No one can say for certain yet what the turning point in this year’s presidential campaign will be.

Beginning today, I will be writing a regular column exclusively for MSNBC.com that will take people behind the scenes of this 2004 presidential election campaign. After seven presidentials, I know enough to say two things right off the bat:

  • no two campaigns are ever alike;
  • anyone who tells you they’re an “expert” on presidential campaigns is either a fool or a liar.  Probably both. 

All I will promise to do in this space is to pick apart the conventional wisdom - what I call “Inside the Box” thinking— and then offer up some observations about this election that you might not read about anywhere else, those things that fall “Outside the Box” of most political reporting.

Inside the box
Right now the pressure is beginning to build within both the Bush-Cheney and Kerry-Edwards campaigns. Witness the recent furor over the expletive directed at Democratic Senator Patrick Leahy by Vice President Cheney on the Senate floor. Or the continuing fallout over Whoopi Goldberg’s risqué routine at a Democratic fundraiser in New York City that resulted in her losing a lucrative endorsement deal with SlimFast.

A year ago— or a year from now— these incidents wouldn’t have garnered more than a passing mention in the press, if that. Don’t believe me? Here’s the proof: on March 10, 2003, while she was guest hosting for David Letterman, Whoopi Goldberg’s monologue included this line: “All this war talk has gotten me upset, but it’s not a surprise because we are led by a Bush, a Dick and a Colin.”  No uproar, no protests, no righteous (or right-wing) indignation. Why? Because it wasn’t during a presidential campaign, when every word and every action is endlessly scrutinized under the white-hot light of 24/7 media attention.

The mind-set inside the Kerry-Edwards national campaign office in Washington, DC and across the Potomac in the Bush-Cheney ‘04 headquarters in Arlington, Virginia is remarkably similar.  With each passing day, the cumulative effects of too-little sleep and mounting responsibilities are taking their toll on both staffs. 

Everyone in each campaign, from campaign managers Mary Beth Cahill and Ken Mehlman down to the fresh-faced college students who prepare the daily news clips, is painfully aware that any mistake, any misstep could ultimately be fatal.  But it’s not their jobs that they’re worried about, not now.  Now every single campaign staffer feels the pressure of not wanting to let down their party or even their country.  As Thomas Paine wrote: “These are the times that try men’s souls.”

Outside the box
Last week’s selection of John Edwards to be John Kerry’s running mate has been widely described by “knowledgeable observers” as a bold move to break the Republican stranglehold on the solid South. Wrong. Oh sure, the choice of Edwards puts North Carolina into play and will certainly cause the Bush campaign to spend more time and money in states that they might otherwise assume were safe.  But at the end of the day (or night) on November 2nd, I predict that the most important benefit from John Edwards’ presence on the ticket will be determined by whether or not Ohio’s 20 electoral votes wind-up in the Blue column.

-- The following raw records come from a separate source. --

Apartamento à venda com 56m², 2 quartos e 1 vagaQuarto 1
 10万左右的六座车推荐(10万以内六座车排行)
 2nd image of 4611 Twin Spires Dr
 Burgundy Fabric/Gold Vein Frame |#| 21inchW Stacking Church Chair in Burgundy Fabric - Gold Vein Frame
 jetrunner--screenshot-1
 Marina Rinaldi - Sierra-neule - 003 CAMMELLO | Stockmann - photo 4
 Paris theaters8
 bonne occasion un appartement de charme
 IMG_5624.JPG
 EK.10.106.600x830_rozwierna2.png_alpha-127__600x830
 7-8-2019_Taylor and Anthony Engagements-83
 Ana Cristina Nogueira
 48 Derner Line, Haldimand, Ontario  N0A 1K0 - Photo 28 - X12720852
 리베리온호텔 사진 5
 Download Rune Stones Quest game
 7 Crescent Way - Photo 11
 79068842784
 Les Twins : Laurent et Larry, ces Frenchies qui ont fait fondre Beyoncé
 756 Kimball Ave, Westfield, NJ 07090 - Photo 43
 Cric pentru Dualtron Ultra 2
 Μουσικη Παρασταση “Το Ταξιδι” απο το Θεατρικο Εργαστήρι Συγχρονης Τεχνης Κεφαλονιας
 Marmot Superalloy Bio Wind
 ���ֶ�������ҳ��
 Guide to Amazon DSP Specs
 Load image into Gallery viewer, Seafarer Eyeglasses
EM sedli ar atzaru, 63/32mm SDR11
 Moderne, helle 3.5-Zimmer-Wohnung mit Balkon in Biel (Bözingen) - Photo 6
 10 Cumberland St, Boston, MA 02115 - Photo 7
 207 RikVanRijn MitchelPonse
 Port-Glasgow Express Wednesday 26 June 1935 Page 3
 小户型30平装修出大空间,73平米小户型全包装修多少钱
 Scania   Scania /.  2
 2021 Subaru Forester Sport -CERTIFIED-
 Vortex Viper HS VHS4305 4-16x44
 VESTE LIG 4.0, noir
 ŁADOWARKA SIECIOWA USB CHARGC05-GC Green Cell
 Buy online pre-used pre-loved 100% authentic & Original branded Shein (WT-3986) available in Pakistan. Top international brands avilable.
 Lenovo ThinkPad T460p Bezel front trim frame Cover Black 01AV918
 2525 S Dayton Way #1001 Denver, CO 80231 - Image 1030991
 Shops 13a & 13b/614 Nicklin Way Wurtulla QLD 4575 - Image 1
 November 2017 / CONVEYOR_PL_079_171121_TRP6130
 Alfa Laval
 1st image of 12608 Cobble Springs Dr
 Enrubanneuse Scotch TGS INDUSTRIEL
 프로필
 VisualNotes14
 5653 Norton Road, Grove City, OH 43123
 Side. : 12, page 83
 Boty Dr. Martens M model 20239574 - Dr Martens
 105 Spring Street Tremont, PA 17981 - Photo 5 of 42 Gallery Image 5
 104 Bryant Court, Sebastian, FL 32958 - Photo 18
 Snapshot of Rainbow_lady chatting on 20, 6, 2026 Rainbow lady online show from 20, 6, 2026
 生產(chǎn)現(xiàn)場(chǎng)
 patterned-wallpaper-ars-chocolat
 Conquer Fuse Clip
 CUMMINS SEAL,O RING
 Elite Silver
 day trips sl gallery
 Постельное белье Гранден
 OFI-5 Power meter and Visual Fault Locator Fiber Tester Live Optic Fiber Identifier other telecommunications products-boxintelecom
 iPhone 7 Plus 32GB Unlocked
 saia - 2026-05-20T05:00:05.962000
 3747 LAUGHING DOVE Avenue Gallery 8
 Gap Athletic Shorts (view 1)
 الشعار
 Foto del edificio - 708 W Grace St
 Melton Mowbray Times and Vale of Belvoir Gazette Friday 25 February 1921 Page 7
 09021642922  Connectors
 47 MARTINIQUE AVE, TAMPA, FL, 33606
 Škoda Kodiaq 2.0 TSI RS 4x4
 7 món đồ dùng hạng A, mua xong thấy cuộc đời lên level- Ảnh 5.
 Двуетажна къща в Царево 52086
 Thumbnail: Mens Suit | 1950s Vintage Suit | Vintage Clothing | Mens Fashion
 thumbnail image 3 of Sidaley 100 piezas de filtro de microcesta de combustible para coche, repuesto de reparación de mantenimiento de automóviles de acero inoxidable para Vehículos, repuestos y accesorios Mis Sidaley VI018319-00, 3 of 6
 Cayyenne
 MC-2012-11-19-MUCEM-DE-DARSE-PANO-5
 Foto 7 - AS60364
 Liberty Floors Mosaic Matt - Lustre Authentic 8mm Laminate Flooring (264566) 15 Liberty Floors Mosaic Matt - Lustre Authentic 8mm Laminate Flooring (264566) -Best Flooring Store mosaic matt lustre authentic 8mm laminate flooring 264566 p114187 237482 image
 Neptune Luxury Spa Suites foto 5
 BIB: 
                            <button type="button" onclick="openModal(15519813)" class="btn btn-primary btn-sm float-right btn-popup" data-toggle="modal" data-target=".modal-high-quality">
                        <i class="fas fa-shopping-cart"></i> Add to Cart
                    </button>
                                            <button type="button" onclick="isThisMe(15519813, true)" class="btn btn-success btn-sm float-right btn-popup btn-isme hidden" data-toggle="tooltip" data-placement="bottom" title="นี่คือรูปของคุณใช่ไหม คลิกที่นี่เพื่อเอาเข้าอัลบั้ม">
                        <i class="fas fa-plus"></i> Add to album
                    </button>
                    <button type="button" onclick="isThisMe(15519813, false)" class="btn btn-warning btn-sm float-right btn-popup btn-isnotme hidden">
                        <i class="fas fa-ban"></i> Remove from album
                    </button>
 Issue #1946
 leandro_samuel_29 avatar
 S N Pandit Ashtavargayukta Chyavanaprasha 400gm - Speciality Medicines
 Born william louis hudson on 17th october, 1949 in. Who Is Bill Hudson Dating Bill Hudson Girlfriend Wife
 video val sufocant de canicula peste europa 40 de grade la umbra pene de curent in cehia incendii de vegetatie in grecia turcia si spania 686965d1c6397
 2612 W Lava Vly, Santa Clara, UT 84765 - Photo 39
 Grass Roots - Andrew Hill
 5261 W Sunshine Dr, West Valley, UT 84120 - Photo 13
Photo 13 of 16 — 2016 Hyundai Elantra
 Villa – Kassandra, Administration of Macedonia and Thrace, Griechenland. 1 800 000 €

What most people don’t recognize about Ohio (but what John Kerry and Jim Johnson, the sage chief of his vice presidential search effort, obviously did) is that it’s really two states: a northern Ohio, where voters in Cleveland, Toledo and Youngstown, like their neighbors in Michigan and Pennsylvania (both carried by Gore in 2000), lean more Democratic, and a southern and southeastern Ohio, where Cincinnati, far closer to Kentucky than to Cleveland both politically and geographically, went solidly for Bush four years ago.

Edwards’ great strength will be in his ability to work the back roads of those rural counties in Ohio that share borders with Kentucky and West Virginia. He proved extremely skillful at connecting with small town voters in the Iowa caucuses and I believe he will turn out to have been the Democrat’s secret weapon should they carry Ohio and, as a result, win the White House.

A final note
No one can say for certain yet what the turning point in this year’s presidential campaign will be.  Remember that in 1976, Gerald Ford’s unfortunate observation that “there is no Soviet domination of Eastern Europe” came late in the campaign during a debate with Jimmy Carter, and is now widely viewed as the crucial turning point in what was a very close election.

However, barring any such dramatic event this fall, I believe that history will judge the pivotal moment in the 2004 campaign to have been that day, last November, when 300,000 Howard Dean supporters voted online to support their candidate in “opting-out” of the federal financing system for presidential campaigns.  As I’ve said before, this created a domino effect that resulted in John Kerry’s decision to do the same thing, thus allowing him to almost match President Bush dollar for dollar in campaign spending.

Remember that old story about how for “want of a nail…the kingdom was lost?”  The nail in this year’s presidential horseshoe (and possibly in George W. Bush’s political career) may well have been hammered-in by 300,000 Americans who decided that they finally wanted a fair fight in this year’s campaign.